The increase in the VAT registration threshold from £85,000 to £90,000, is perhaps not as significant a rise as some businesses would have wished for.
The introduction of excise duty on vaping products, to be matched with a corresponding one-off increase in tobacco duty, seems inevitable given the rise in the popularity of vaping amongst young people and public health concerns.
Several measures are addressed at property tax. The abolition of the furnished holiday lettings regime, the abolition of multiple dwellings relief from SDLT and the reduction of CGT on property from 28% to 24%, are all significant for those directly affected. However, the UK's property taxation regime – when we include council tax – remains dysfunctional and substantial structural reform is long overdue.
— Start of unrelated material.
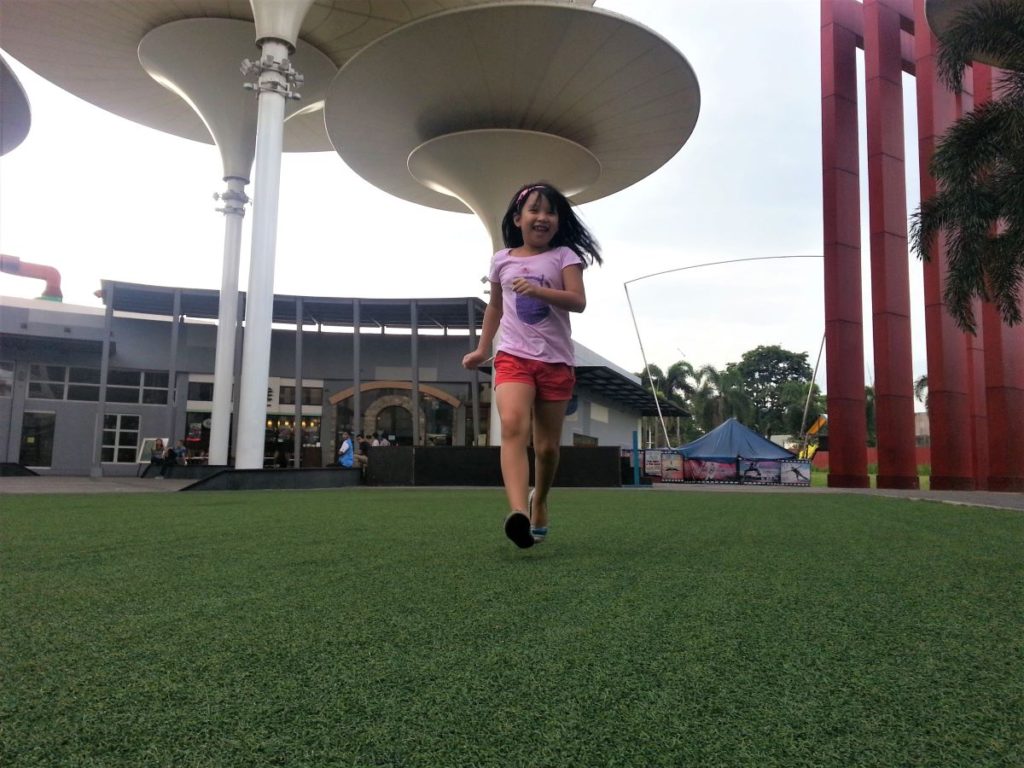 Little girl enjoying the green open space at Centris Mall, Quezon City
Sadly, for tax system enthusiasts, this is unlikely to be a vote-winner.
The removal of the 'outdated' concept of domicile and the shift to a purely residence-based regime – aside from its obvious impact on the non-dom regime – may be as significant for those leaving the UK as arriving here, given its impact in relation to inheritance tax.
The maintenance of freezes on alcohol duty and duty on road fuel will, as always, be popular with consumers and the directly-affected trades, but it will also go down well with others, notably retailers, given the impact of road fuel duty on delivery costs.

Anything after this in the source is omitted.